Голос его стал ниже, тяжелее, насыщенный той угрозой, которая не нуждается в подробностях.
— Ты и все, кто последует за тобой, будете уничтожены. Медленно. Больно. Так, чтобы каждый, кто ещё мечтает о сопротивлении, знал цену неверности.
Дюпон выпрямился, сложив руки за спиной. На его лице не было ни страха, ни презрения, ни даже злости. Только холодная решимость.

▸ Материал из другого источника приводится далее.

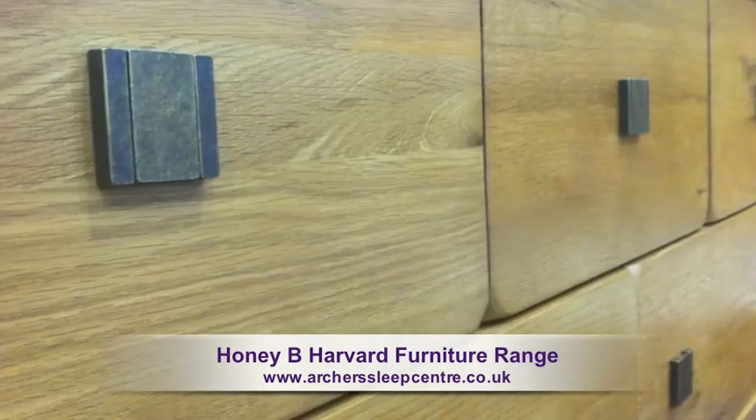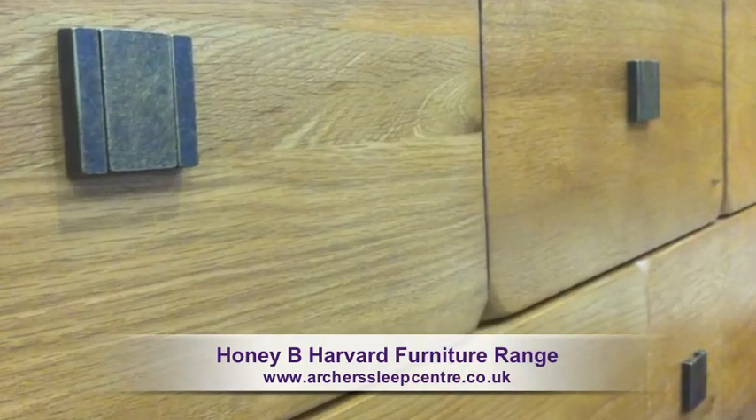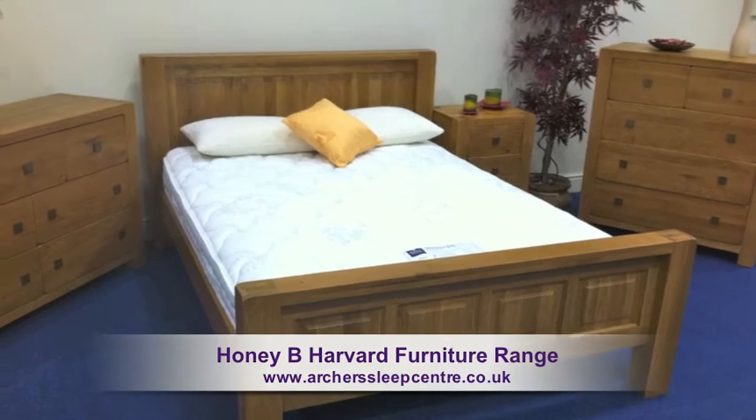Add a real atmosphere of beauty and quality to your room with the Honey Bee Harvard Furniture range.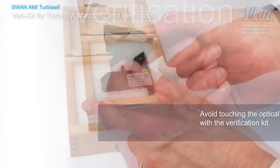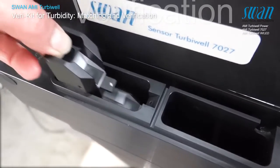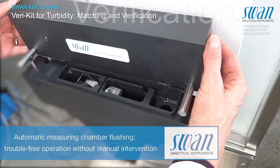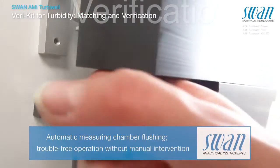To avoid misting of the glass prisms, make sure that the varikit and the measuring chamber have the same temperature. Insert the varikit and ensure that it is fastened correctly. Close the measuring chamber and start the verification by pressing enter.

— Ты не бог этой земли, Арман, — сказал он тихо, почти устало. — Ты всего лишь ещё одна грязная страница в её книге. И когда её напишут до конца, тебя в ней не будет.
И, не дожидаясь ответа, не слушая больше угроз, не позволяя больше яду капать в пространство между ними, Дюпон протянул руку к терминалу и отключил связь.
Экран погас.
Комната наполнилась тишиной, в которой звучало только одно: война шла теперь не за власть и не за ресурсы. Она шла за душу этой земли. И ставка в ней была слишком велика, чтобы её можно было измерить деньгами.
Кабинет был залит тусклым светом керосиновой лампы, которая стояла на углу стола и отбрасывала дрожащие тени на потрескавшиеся стены.
Дюпон сидел за столом, но, когда Серафина вошла, он сразу поднялся. Девушка шла к нему, шатаясь. Её глаза были широко раскрыты, в них плескалась такая глубокая усталость, что даже у видавших всё людей могли бы задрожать руки.
Люк хотел было потянуться к ней — но, когда его ладони едва коснулись плеч, она вырвалась, резко, будто бы обожглась.
— Не смей! — выкрикнула Серафина, голосом, в котором не было ни привычной мягкости, ни той кроткой силы, что раньше пряталась за её словами.
Она отступила на шаг назад, вцепившись руками в край стола, ища в этом предмете опору, которую уже не могла найти в людях. Дюпон замер. Он видел истерику тысячи людей — на улицах, в подвалах, на полях сражений — но никогда ещё не видел истерики такой, в которой боль была не криком, а ножом, медленно, безжалостно вонзающимся в плоть.
— Ты ничего не сделал! — выкрикнула измученная девушка, задыхаясь от слов, которые теперь рвались наружу, как волны через прорванную плотину. — Ты сидел здесь! За своими стенами, за своими картами, за своими приказами! А там — там гибли люди, которых ты должен был защитить!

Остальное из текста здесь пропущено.